# March Isb Meet



## mikem108 (11/2/10)

Would like to invite the ISB crew to my place for the usual food and beer event preferably a saturday in late March 20th or 27th, and starting about 2pm
Expressions of interest invited also a theme or just the usual, bring ye beer and share it!


----------



## Fatgodzilla (11/2/10)

mikem108 said:


> Would like to invite the ISB crew to my place for the usual food and beer event preferably a saturday in late March 20th or 27th, and starting about 2pm
> Expressions of interest invited also a theme or just the usual, bring ye beer and share it!




1. Fatgodzilla 
2. Grantw
3. DiscoStu
4. Stuster
5. Retsamhsam - American IPA
6. Gulpa - American IPA - 6.7% - Wy1272
7. Monkeybusiness
8. Gruntus
9. Cortez The Killer - Hop Rod Rye Clone - Rye IPA - 7%ish - 
10. Josh - Imperial IPA
11. Bizier
12. floppinab 
13. nifty
14. Muggus - 


Mike, the above blokes are gathering for the Special Case Swap - some are regular ISBers.
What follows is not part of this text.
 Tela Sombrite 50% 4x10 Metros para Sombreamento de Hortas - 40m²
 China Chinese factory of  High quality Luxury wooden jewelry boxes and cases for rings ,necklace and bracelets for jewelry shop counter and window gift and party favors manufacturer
We have picked 20 March as the date (not all can attend). Combine the swap with your regular ISB session? Or something else?


----------



## floppinab (11/2/10)

Fatgodzilla said:


> Mike, the above blokes are gathering for the Special Case Swap - some are regular ISBers. We have picked 20 March as the date (not all can attend). Combine the swap with your regular ISB session? Or something else?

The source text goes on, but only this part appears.